The e-mail text processor makes it easy to extract the textual content of e-mail documents and pipe it to other middlewares for further processing. This middleware can extract text, HTML, and structured JSON from e-mail documents. It also optionally supports the extraction of attachments and forwarding them as new documents to other middlewares.
📨 Parsing E-mails
To use this middleware, you import it in your CDK stack and instantiate it as part of a pipeline.
import { EmailTextProcessor } from '@project-lakechain/email-text-processor';import { CacheStorage } from '@project-lakechain/core';
class Stack extends cdk.Stack { constructor(scope: cdk.Construct, id: string) { // The cache storage. const cache = new CacheStorage(this, 'Cache');
// Create the e-mail text processor. const emailProcessor = new EmailTextProcessor.Builder() .withScope(this) .withIdentifier('EmailProcessor') .withCacheStorage(cache) .withSource(source) // 👈 Specify a data source .build(); }}
Output Formats
The e-mail text processor can extract the following formats from e-mail documents:
text
: Extracts only the textual body of the e-mail.html
: Extracts the body of the e-mail as HTML.json
: Extracts the body and the attributes of the e-mail as JSON.
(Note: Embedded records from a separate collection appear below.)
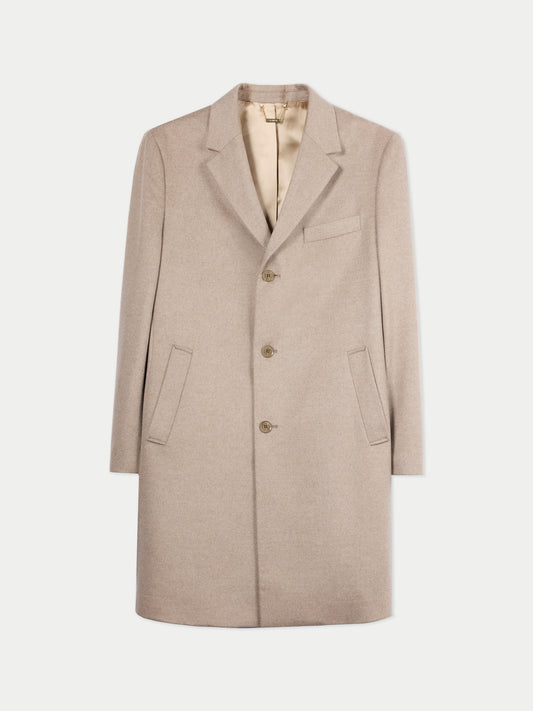Manteau Homme En Cachemire À Revers Classiques Couleur Organique Taupe - Gobi Cashmere
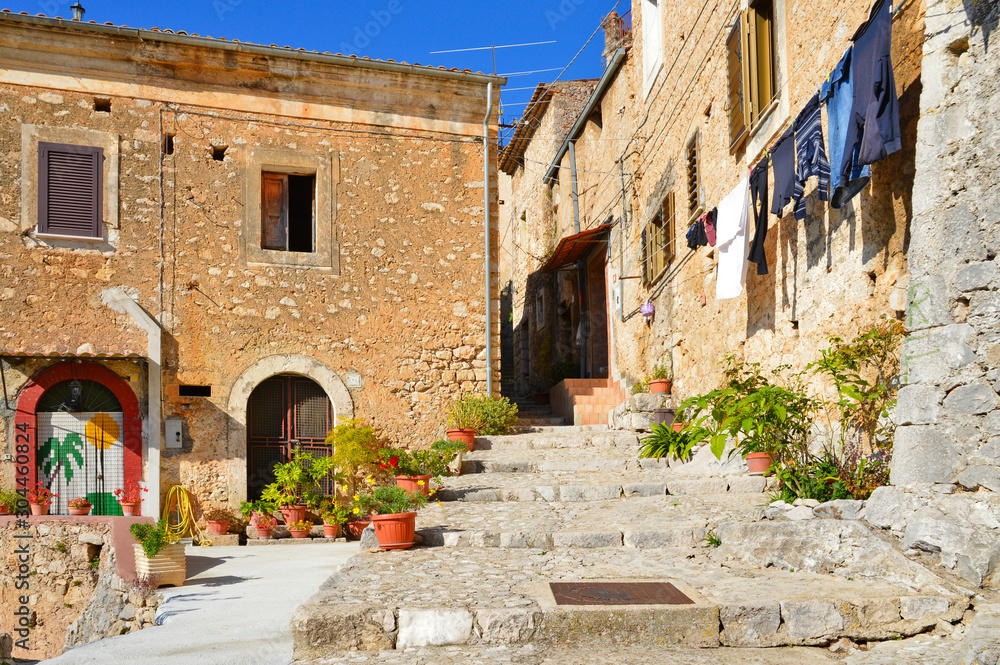 Roccasecca, Italy, 11/11/2017. A day of vacation in an old mountain village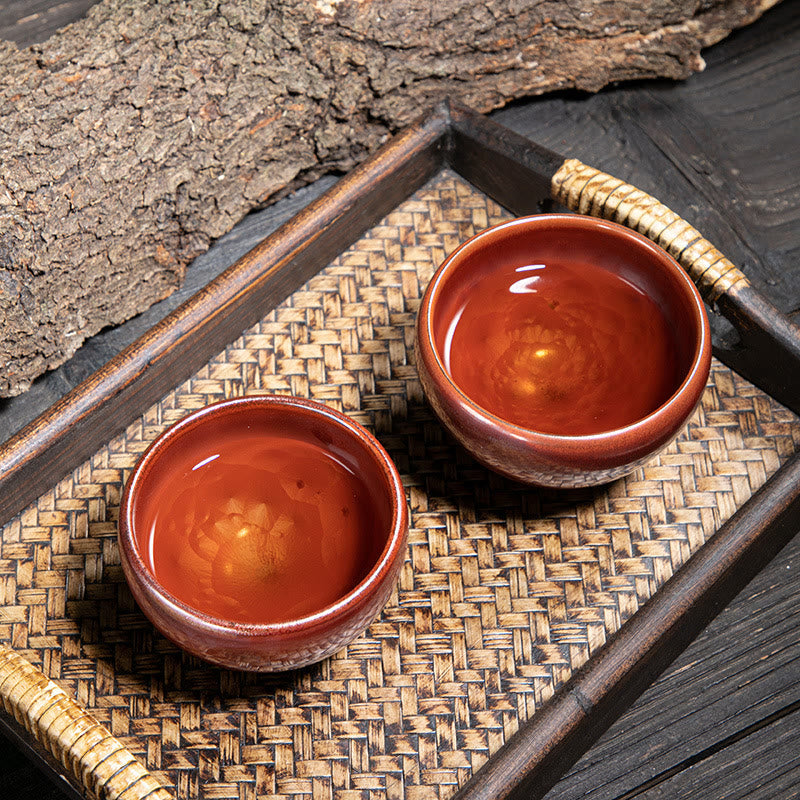Buddha Stones Handmade Chinese Jianzhan Lotus Design Ceramic Teacup Kung Fu Tea Cup Jian Zhan Tea Cup BS 13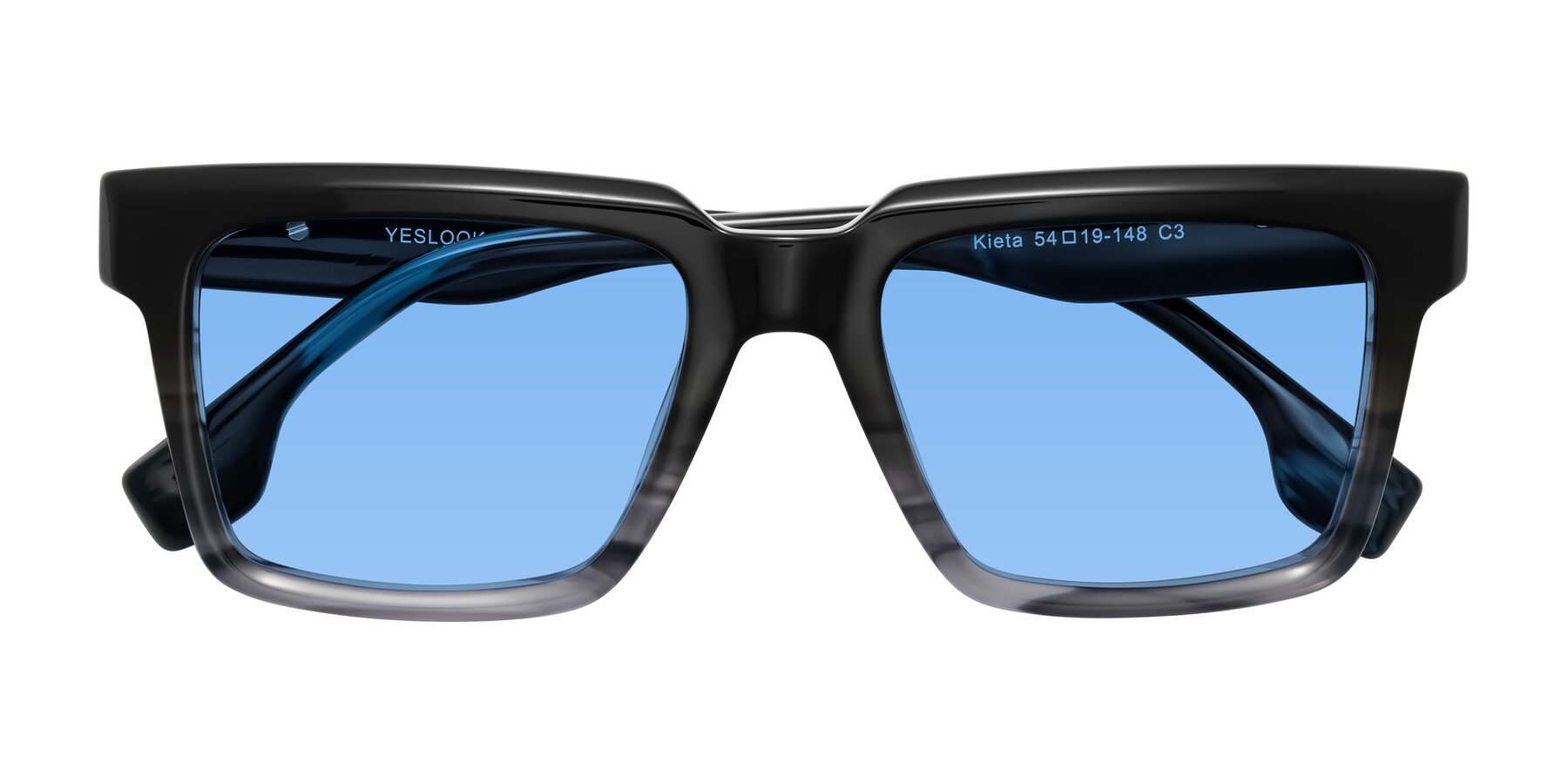 Folded Front of Kieta in Gradient Gray/Blue Striped with Medium Blue Tinted Lenses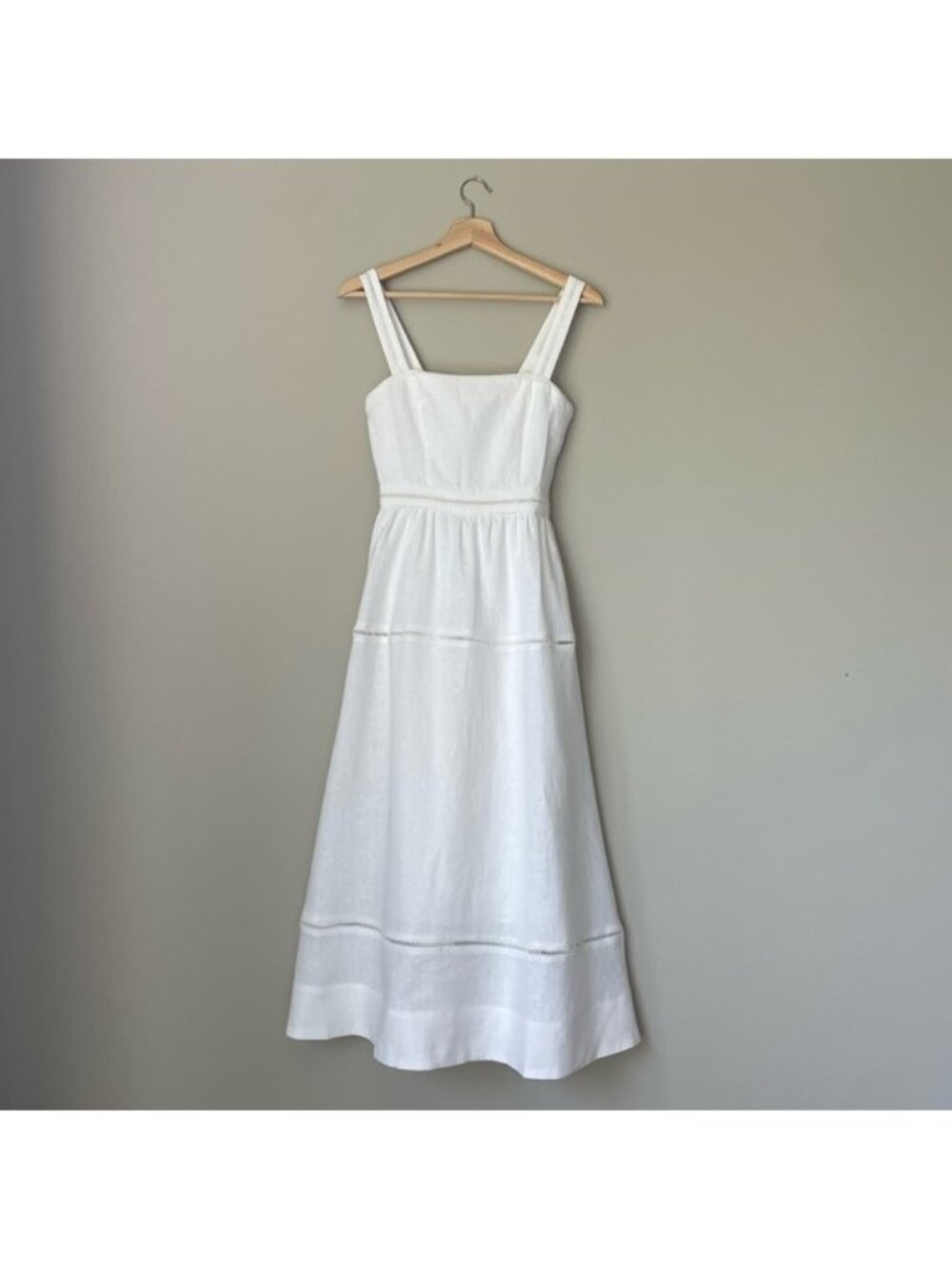 NEW Reformation Everett Linen Midi Dress White | US 6 UK 10 - Picture 7 of 16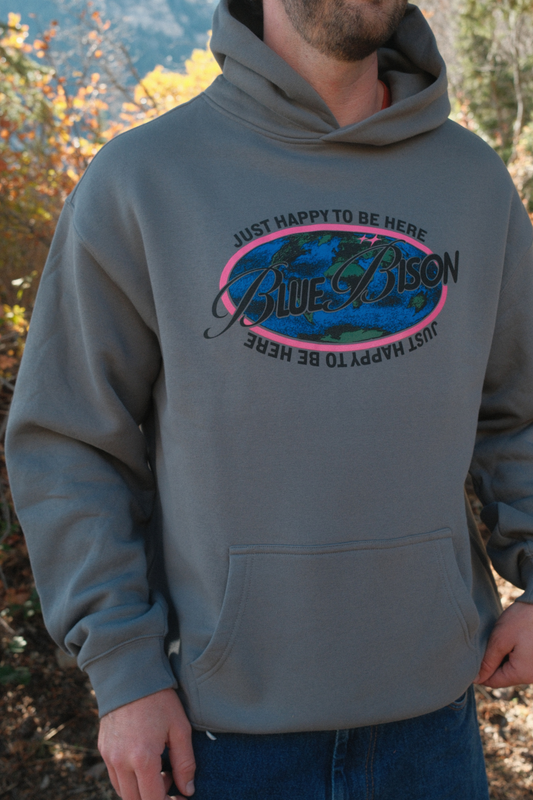 Just Happy To Be Here Hoodie in Stone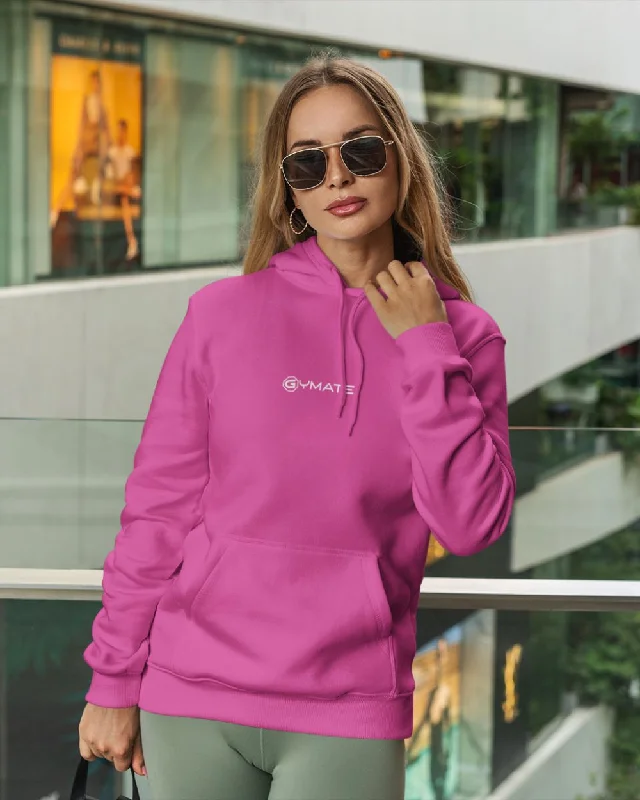 Celebrity Picks Womens Pink Designer Hoodies Original Gymate ctr/small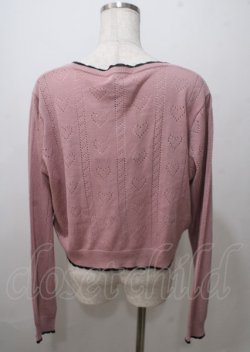 画像2: DearMyLove / ハート透かし柄カーディガン 3L ピンク Y-25-07-12-055-EL-TO-SZ-ZY
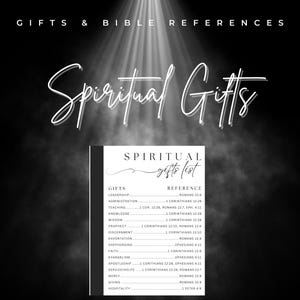 Puede incluir: Gráfico en blanco y negro con las palabras "Gifts & Bible References" y "Spiritual Gifts". Se muestra una lista de dones espirituales y sus referencias bíblicas. El texto "We all have different gifts... What's yours?" está en la parte inferior.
💁 You can specify the output format by using the
withOutputFormat
method. By default, the output format istext
.
const emailProcessor = new EmailTextProcessor.Builder() .withScope(this) .withIdentifier('EmailProcessor') .withCacheStorage(cache) .withSource(source) .withOutputFormat('html') // 👈 Specify the output format .build();
Include Attachments
The e-mail text processor can optionally extract attachments from e-mail documents and forward them as new documents to other middlewares. You can enable the processing of attachments using the .withIncludeAttachments
API.
const emailProcessor = new EmailTextProcessor.Builder() .withScope(this) .withIdentifier('EmailProcessor') .withCacheStorage(cache) .withSource(source) .withIncludeAttachments(true) // 👈 Enable the processing of attachments .build();
Include Image Links
This middleware supports converting CID attachments to data URL images. You can enable this feature using the .withIncludeImageLinks
API.
const emailProcessor = new EmailTextProcessor.Builder() .withScope(this) .withIdentifier('EmailProcessor') .withCacheStorage(cache) .withSource(source) .withIncludeImageLinks(true) // 👈 Enable the processing of image links .build();
📄 Metadata
The e-mail text processor transforms input e-mail documents in the desired output format. It also enriches the metadata of documents with different information. Below is an example of the metadata created by this middleware.
💁 Click to expand example
{ "specversion": "1.0", "id": "1780d5de-fd6f-4530-98d7-82ebee85ea39", "type": "document-created", "time": "2023-10-22T13:19:10.657Z", "data": { "chainId": "6ebf76e4-f70c-440c-98f9-3e3e7eb34c79", "source": { "url": "s3://bucket/email.eml", "type": "message/rfc822", "size": 24532, "etag": "1243cbd6cf145453c8b5519a2ada4779" }, "document": { "url": "s3://bucket/email.txt", "type": "text/plain", "size": 125, "etag": "1243cbd6cf145453c8b5519a2ada4779" }, "metadata": { "title": "Re: Hello World", "createdAt": "2023-10-22T13:19:10.657Z", "authors": [ "John Doe" ], "properties": { "kind": "text", "attrs": {} } }, "callStack": [] }}
🏗️ Architecture
This middleware is based on a Lambda ARM64 compute, and packages the mailparser
library to parse e-mail documents.
🏷️ Properties
Supported Inputs
Mime Type | Description |
---|---|
message/rfc822 | E-mail documents. |
application/vnd.ms-outlook | Outlook e-mail documents. |
Supported Outputs
The supported output types for this middleware consist of a variant that depends on whether or not the inclusion of attachments is enabled. If attachments are included, the output type is */*
as attachments can consist of any type, otherwise the output type is associated with the defined output format.
Output Format | With Attachment | Mime Type | Description |
---|---|---|---|
text | No | text/plain | Plain text document. |
text | Yes | */* | Any document. |
html | No | text/html | HTML document. |
html | Yes | */* | Any document. |
json | No | application/json | JSON document. |
json | Yes | */* | Any document. |
Supported Compute Types
Type | Description |
---|---|
CPU | This middleware only supports CPU compute. |
📖 Examples
- E-mail NLP Pipeline - An example showcasing how to analyze e-mails.